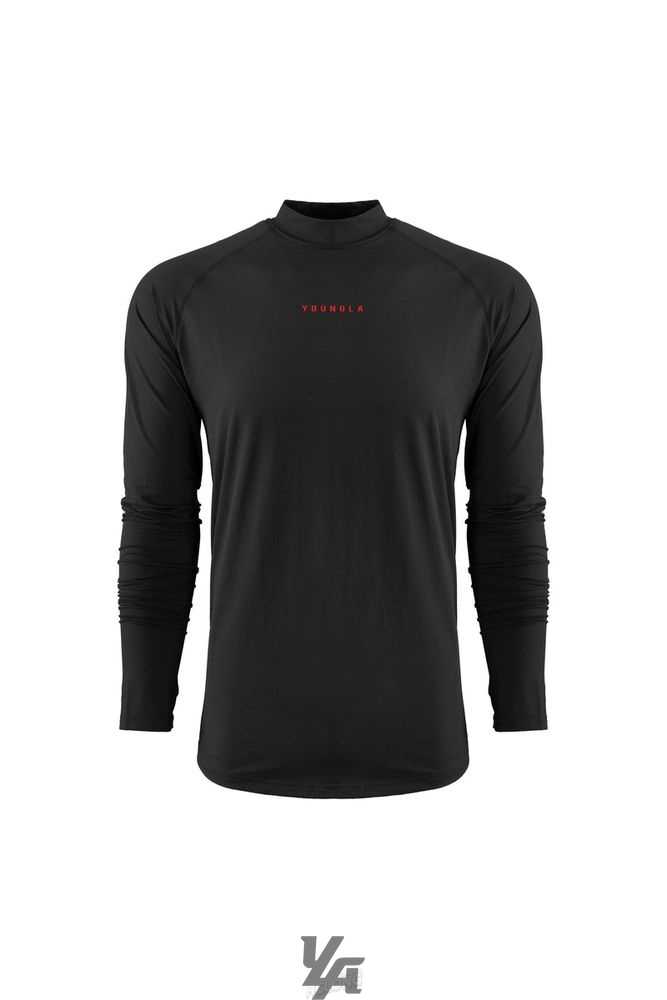 Black YoungLa 808 High Neck Compression Shirt | 2401-DRLNS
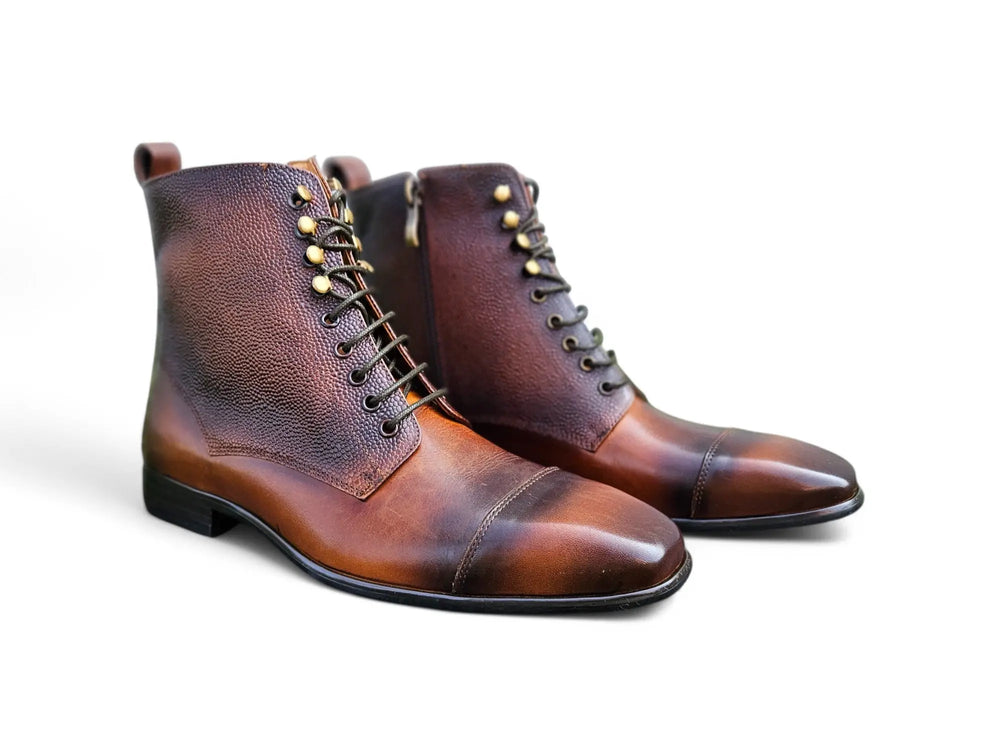 Hockerty Leather Brogue Cap Toe Lace Up Ankle Boots Men\'s Sz 45 US 11 Spain Gray Brogue Boots in gray & black waxed leather & leather | Hockerty main image 4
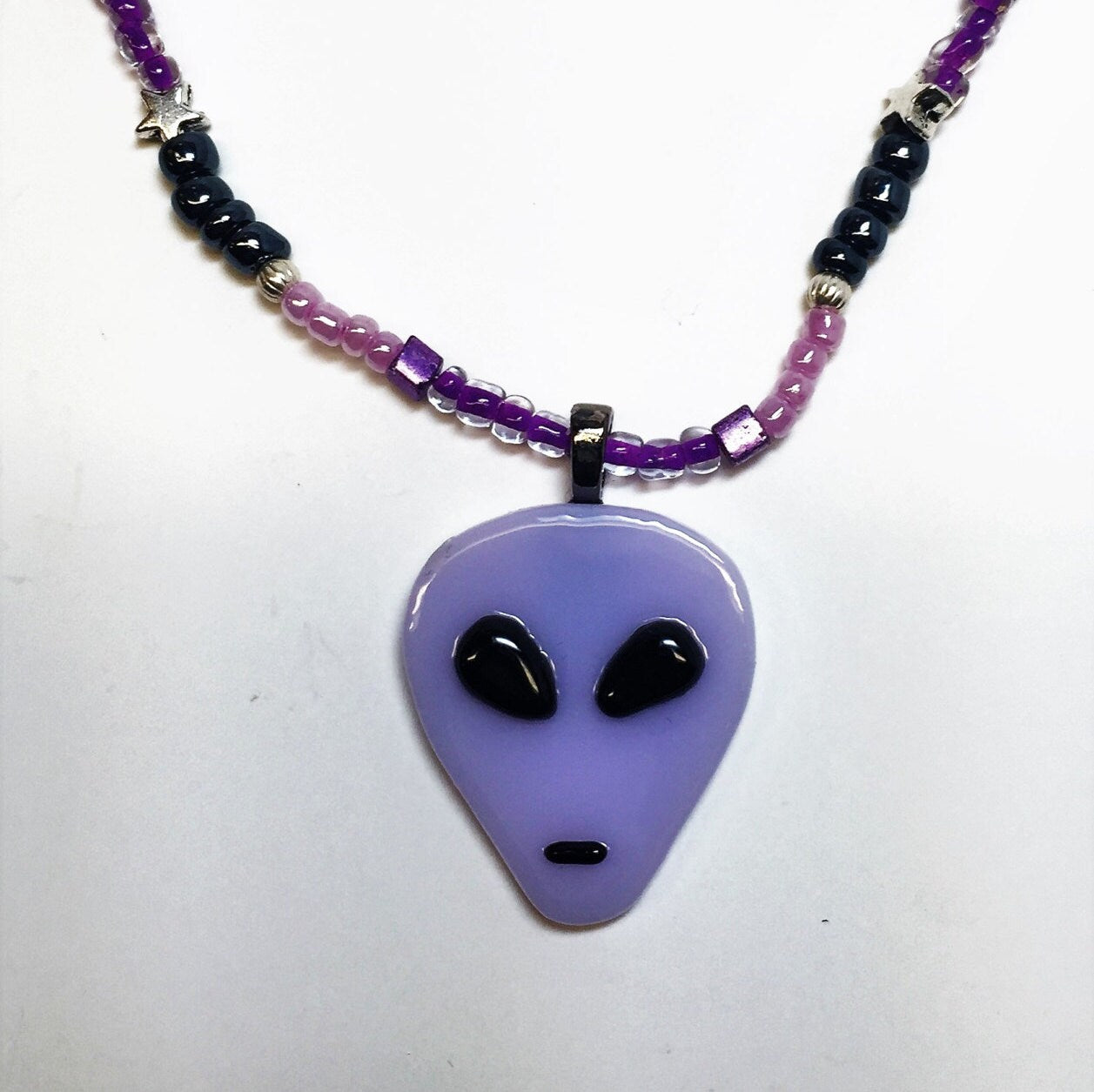 Purple Alien Fused Glass Pendant with beaded necklace
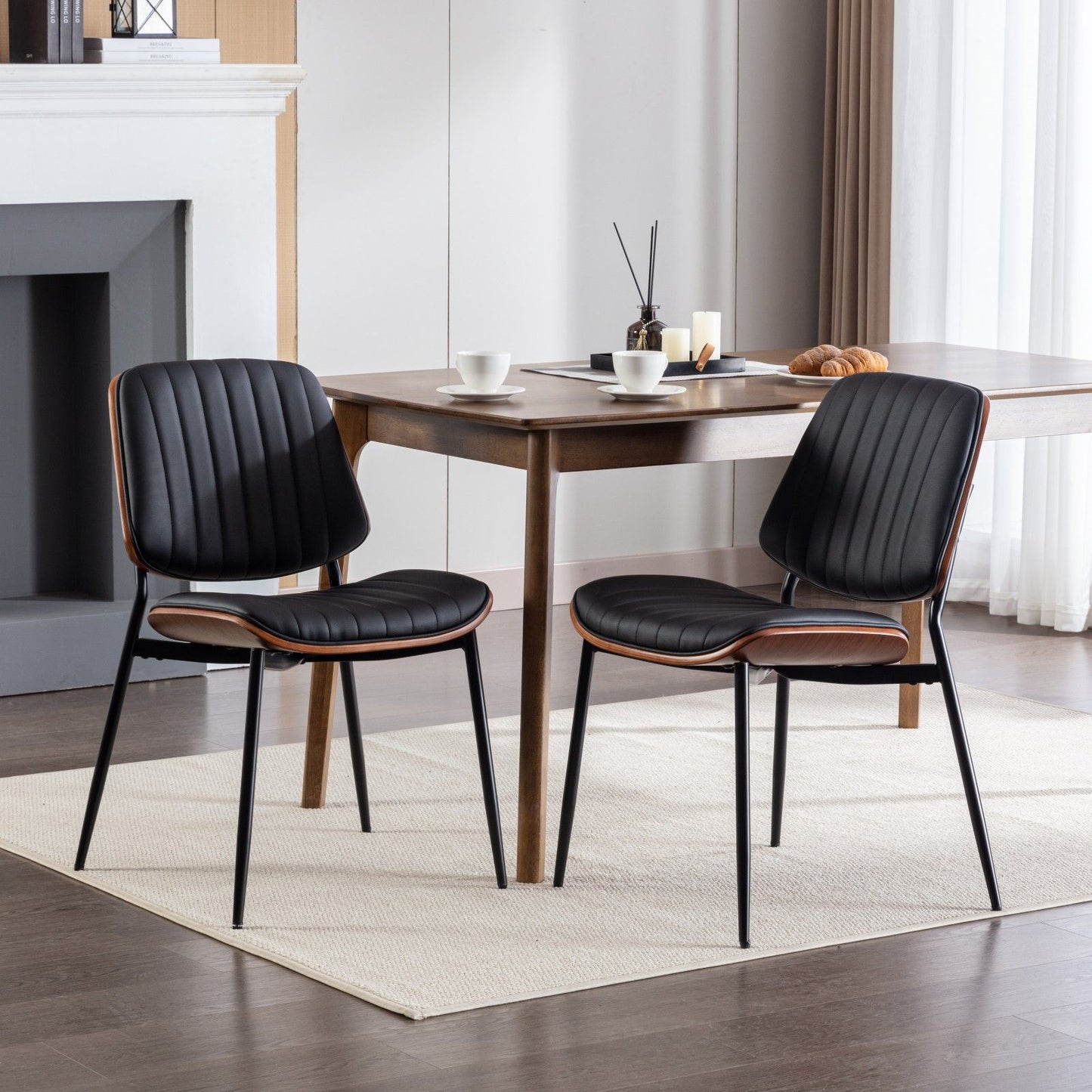 Dining Chairs Mid-Century Modern Retro Faux Leather Chair With Walnut Bentwood Back Upholstered Seat Metal Legs Adjustable Foot For Kitchen Dining Room Chairs (Set of 2) - Black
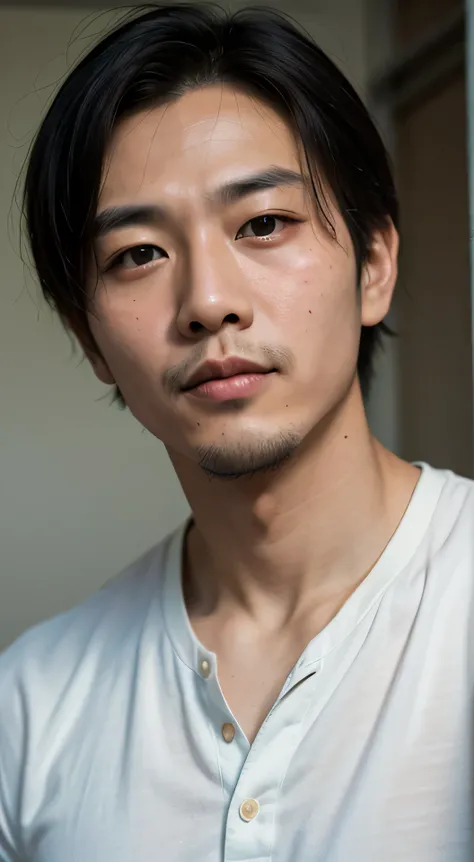 30 year old round face handsome asian man portrait movie look, above the chest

+-------+

*Task to carry out*
Could each line of the data be written out exactly, with no pictures included?

*Answer to the problem*
 Black YoungLa 808 High Neck Compression Shirt | 2401-DRLNS
 Hockerty Leather Brogue Cap Toe Lace Up Ankle Boots Men\'s Sz 45 US 11 Spain Gray Brogue Boots in gray & black waxed leather & leather | Hockerty main image 4
 Purple Alien Fused Glass Pendant with beaded necklace
 Dining Chairs Mid-Century Modern Retro Faux Leather Chair With Walnut Bentwood Back Upholstered Seat Metal Legs Adjustable Foot For Kitchen Dining Room Chairs (Set of 2) - Black
 30 year old round face handsome asian man portrait movie look, above the chest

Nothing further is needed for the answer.